Improved visibility
Clearly, any decision can only be as good as the assumptions on which it is based. Directors need drill-down access to a whole range of information, much more than can be either supplied to them in a timely manner or searched by them in paper format. Some paper board books today can consist of upwards of 2,000 pages and are delivered in boxes. It’s not realistic to expect anyone to wade through more than 2,000 pages of dense reports to find the figures they want.

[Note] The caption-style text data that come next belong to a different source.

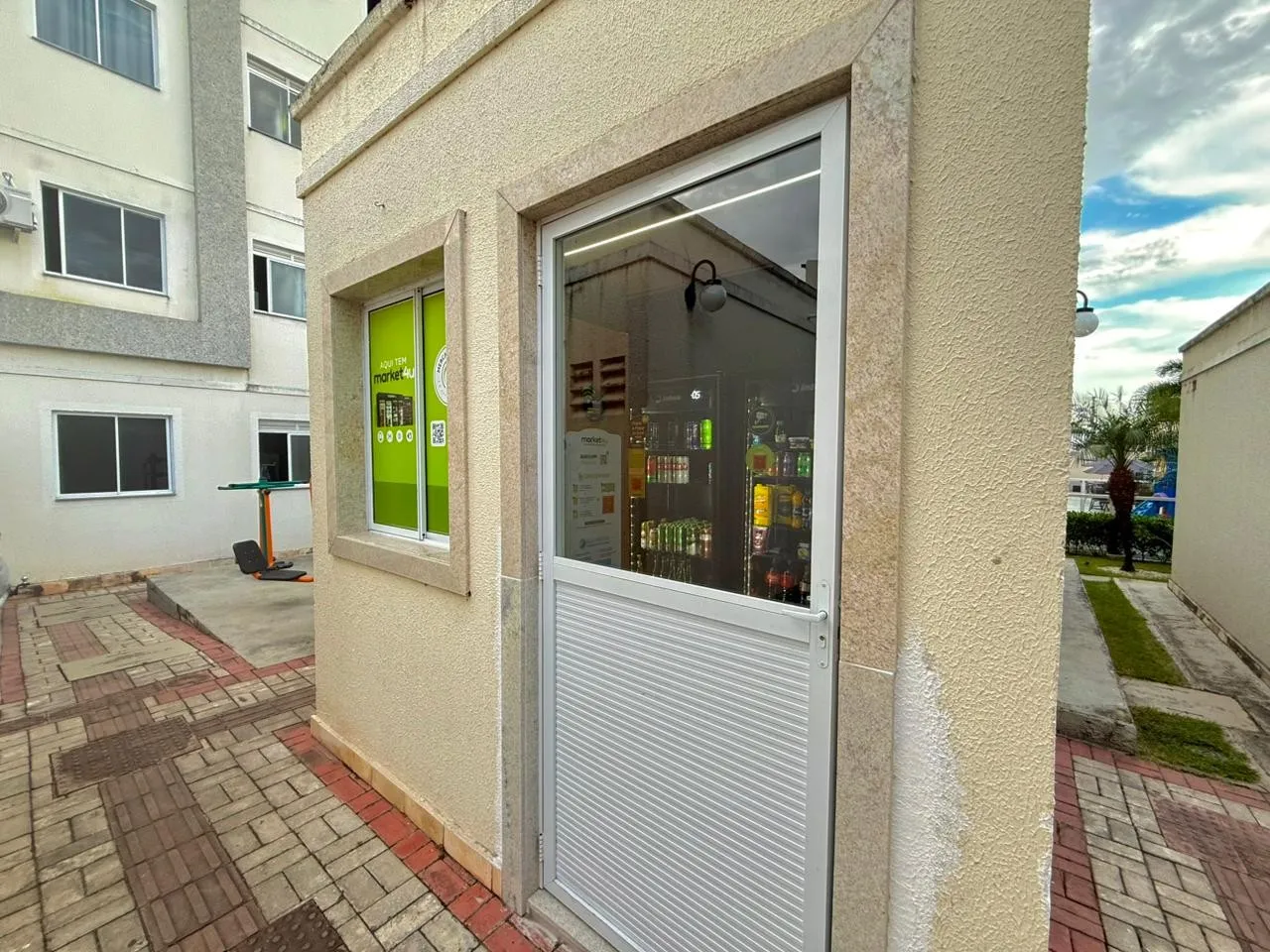 Imagem Apartamento para Venda em Fortaleza, Passaré, 2 dormitórios, 1 suíte, 1 banheiro, 1 vaga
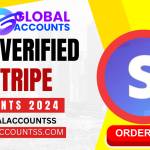 Buy Verified stripe Accounts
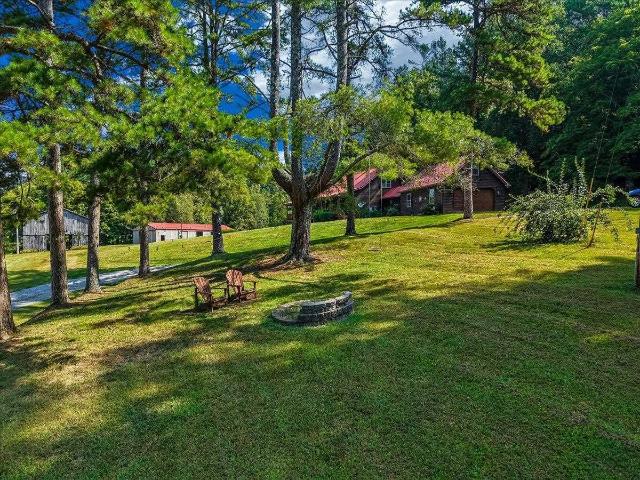 House for sale in Burkesville, Cumberland County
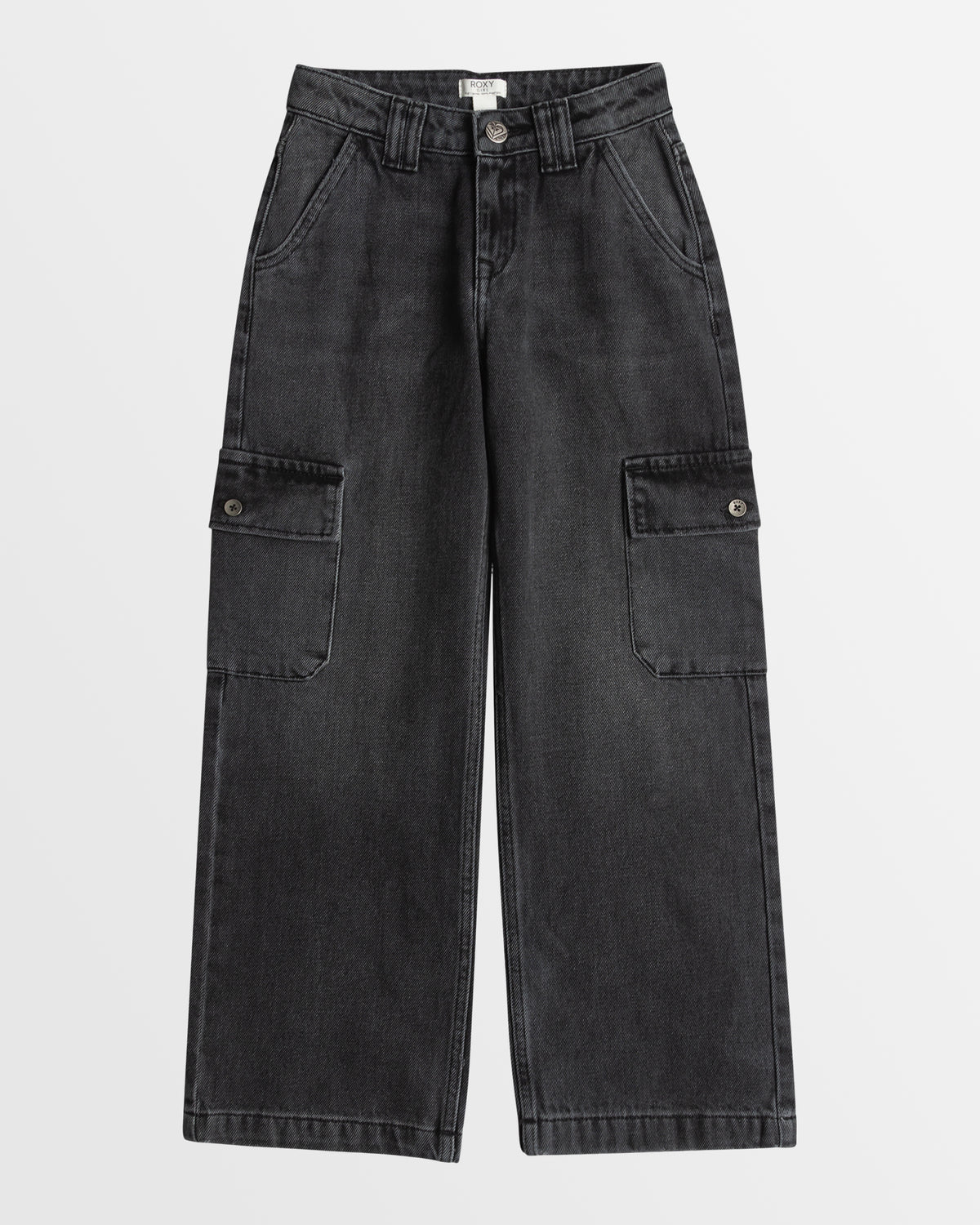 Girls 8-16 Celestial Dancer Cargo Pants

A board portal liberates the directors from requiring dedicated staff to prepare reports for them. And, with global Internet access, board work can now continue outside of formal board meetings, according to the demands of the business.
Greater responsiveness
Events are unpredictable. They can range from unsolicited takeover attempts (such as Microsoft’s offer to buy Yahoo), environmental accidents (like BP’s Alaska spills) and litigation (like the U.S. Justice Department’s investigation into BAE). In these cases, the board has to assemble immediately to review the situation. A physical meeting is usually out of the question due to the dispersed geographical nature of most boards. Attempts to use insecure infrastructure such as e-mail and faxes can lead to both a breakdown in communications as well as information leaks. Hotel staff, for example, can hardly help but read an incoming fax, if only to identify the recipient.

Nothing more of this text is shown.